## WORK TO COMPLETE
Skip the pictures. Copy all the rest of the records down exactly.
(RECORDS PROVIDED)
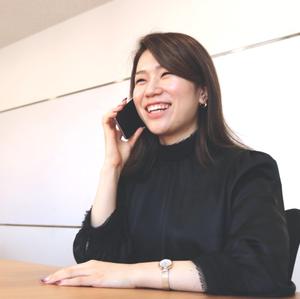成果にコミットするLINEのプロ成田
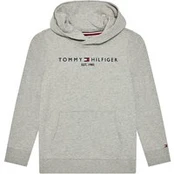Tommy Hilfiger Džemperis Essential KS0KS00213 Pilka Regular Fit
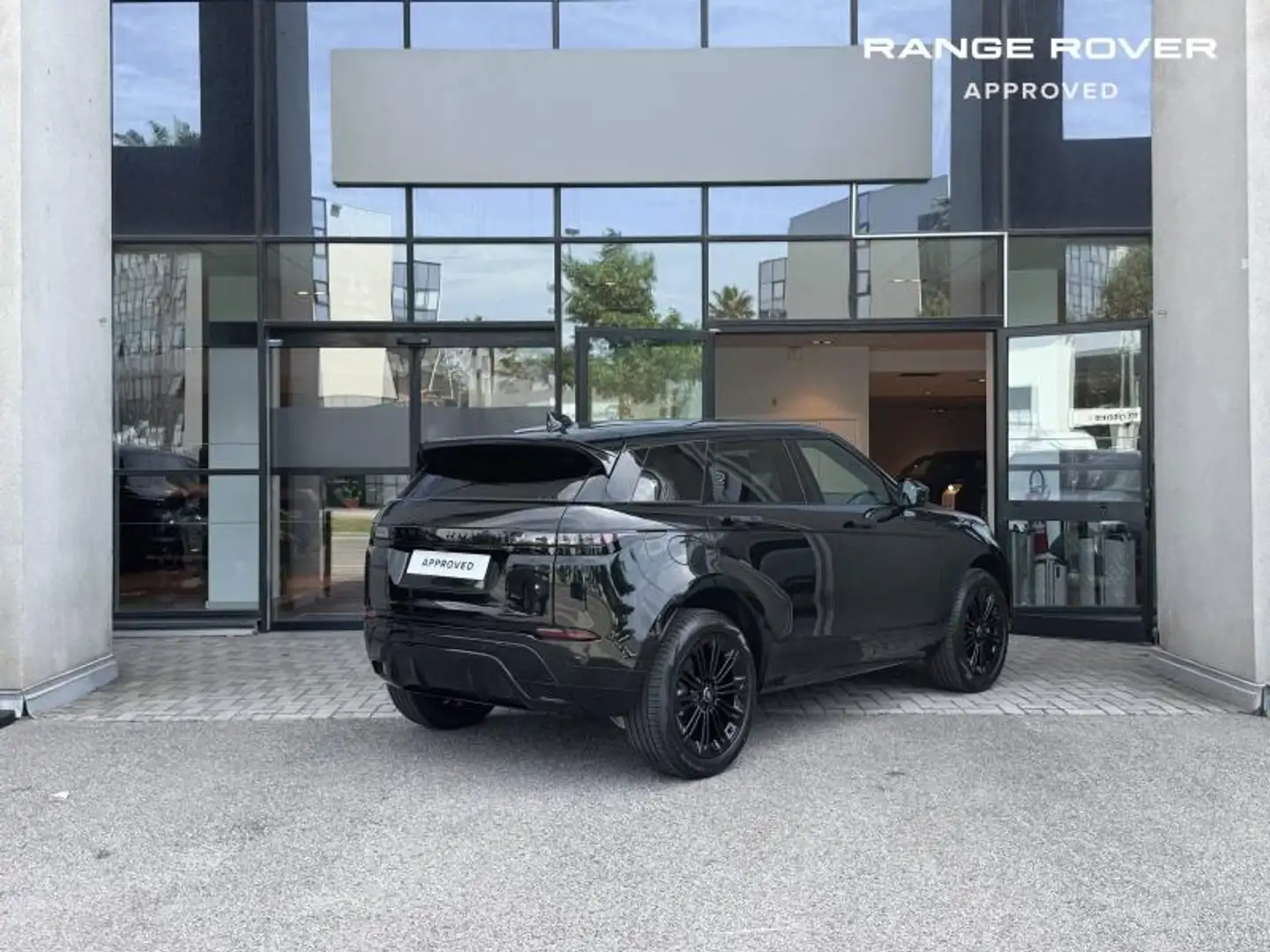Land Rover Range Rover Evoque 1.5 P270e PHEV 269ch Dynamic SE - 2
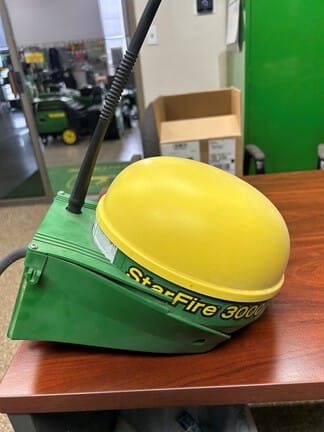 2014 John Deere StarFire 3000 Equipment Image0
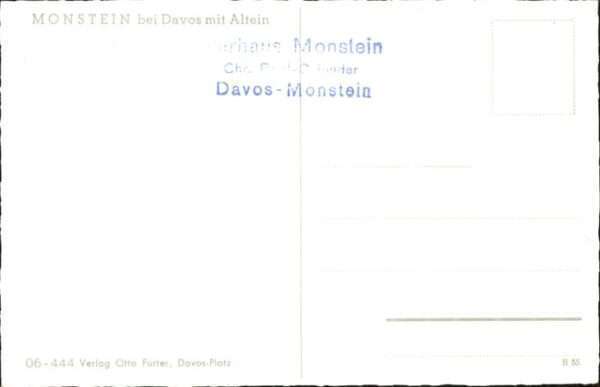 Davos GR Monstein – Bild 2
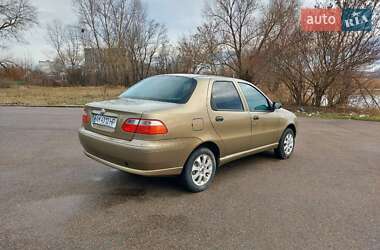 Седан Fiat Albea 2006 в 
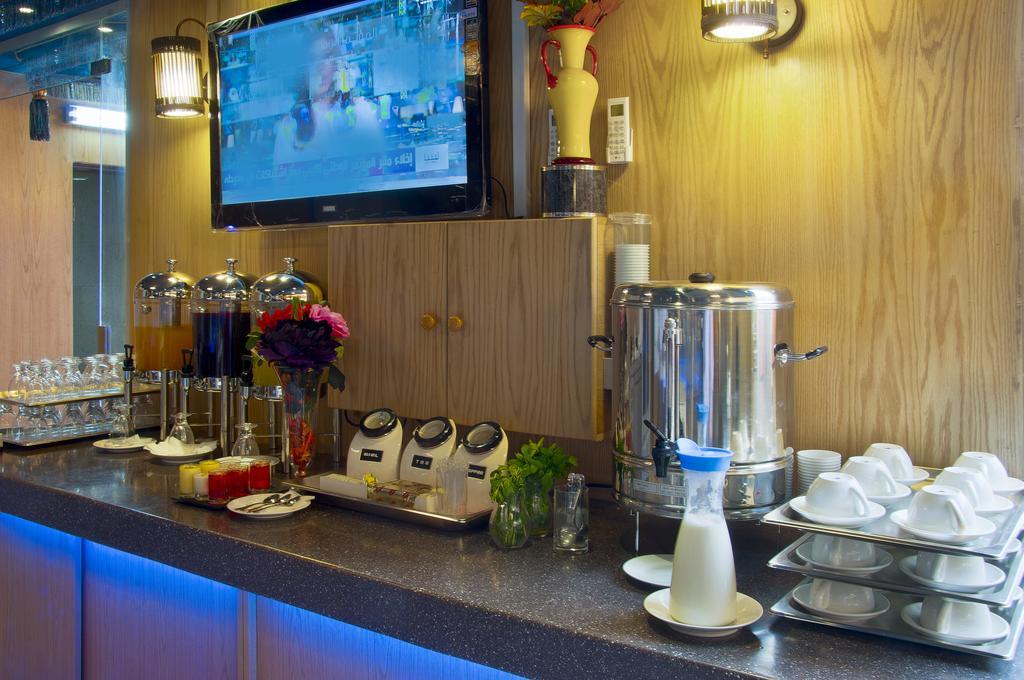 Aparthotel Al Farhan - Al Salam Riyadh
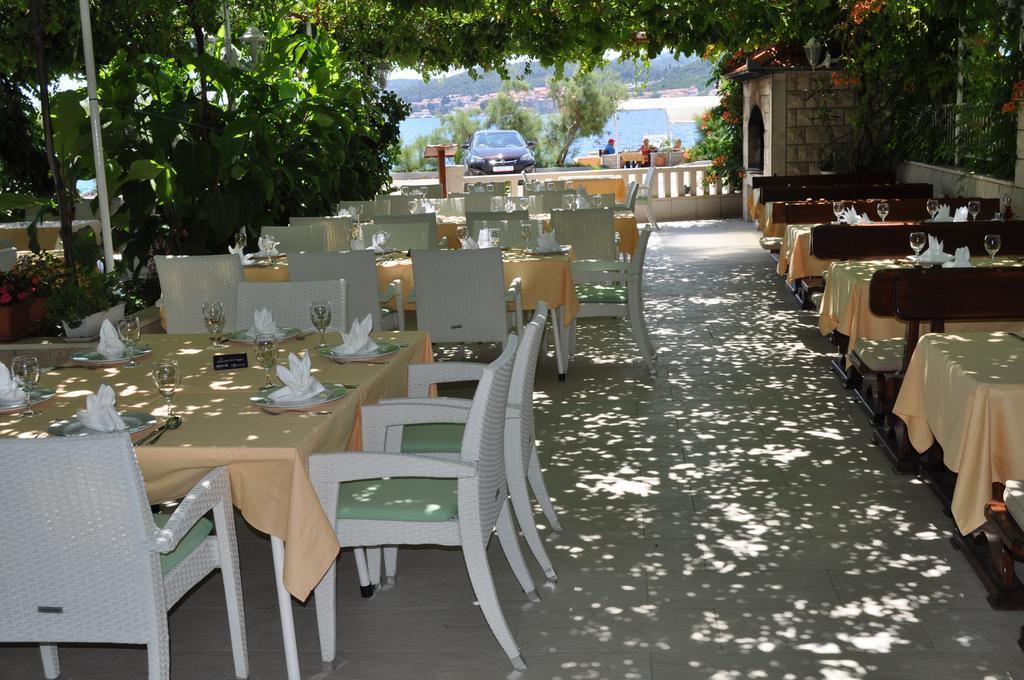 Bed & Breakfast Villa Vrgorac Orebić Εξωτερικό φωτογραφία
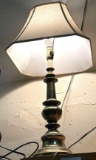 Vintage Brass Table Lamp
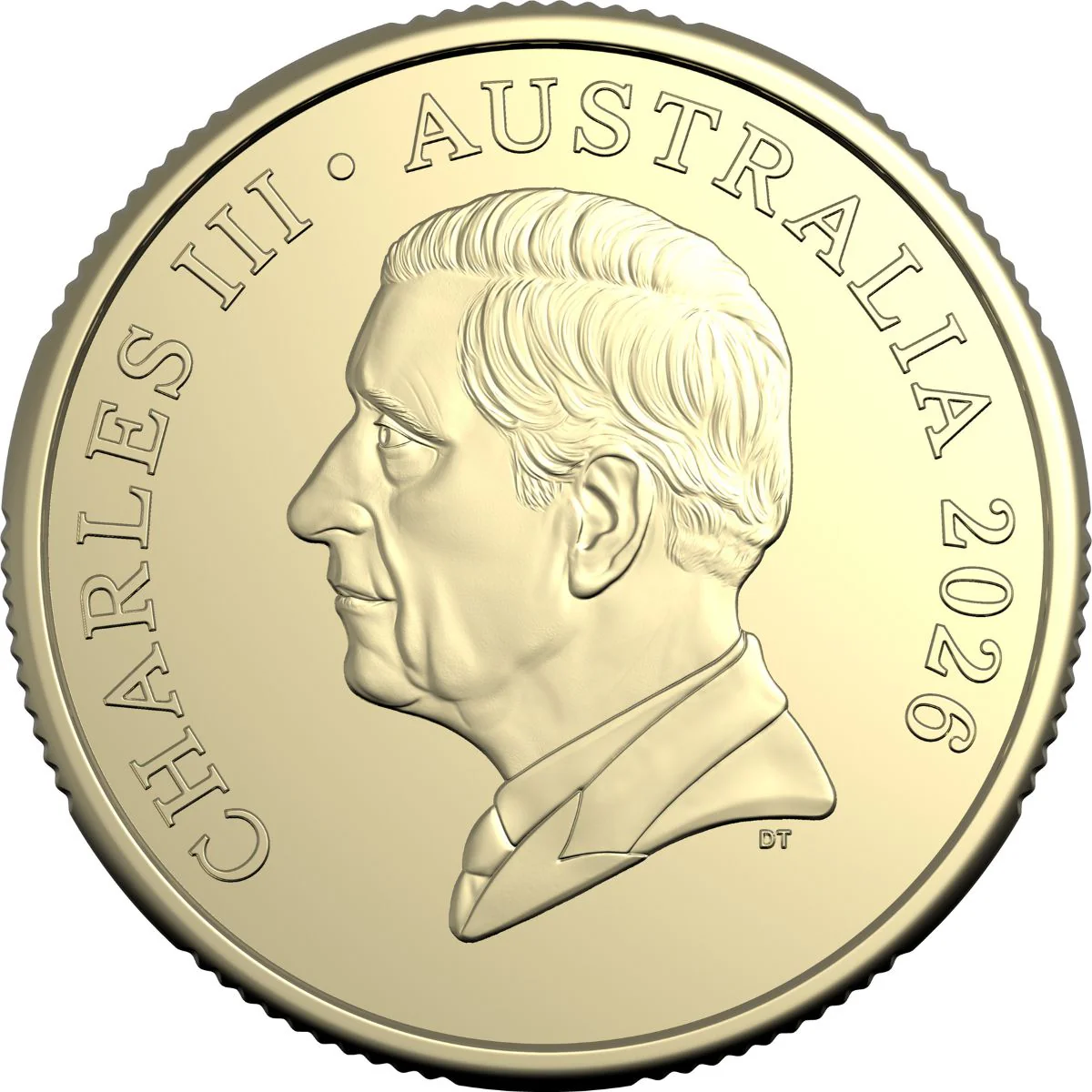 Australia 60th Anniversary of Decimal Currency 2026 $1 Mintmark & Privymark Uncirculated 4-Coin Set - Image 4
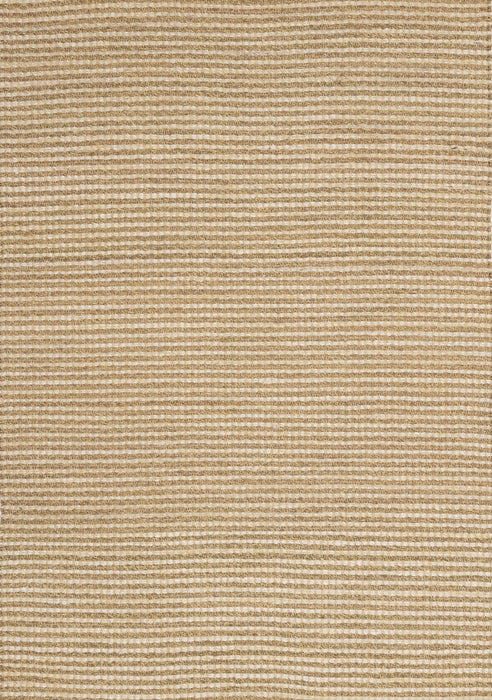 8' X 11' Hand Woven Area Rug (660260) - Beige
(End RECORDS PROVIDED)
## TASK SOLUTION
成果にコミットするLINEのプロ成田
Tommy Hilfiger Džemperis Essential KS0KS00213 Pilka Regular Fit
Land Rover Range Rover Evoque 1.5 P270e PHEV 269ch Dynamic SE - 2
 2014 John Deere StarFire 3000 Equipment Image0
 Davos GR Monstein – Bild 2
 Седан Fiat Albea 2006 в 
 Aparthotel Al Farhan - Al Salam Riyadh
 Bed & Breakfast Villa Vrgorac Orebić Εξωτερικό φωτογραφία
 Vintage Brass Table Lamp
 Australia 60th Anniversary of Decimal Currency 2026 $1 Mintmark & Privymark Uncirculated 4-Coin Set - Image 4
 8' X 11' Hand Woven Area Rug (660260) - Beige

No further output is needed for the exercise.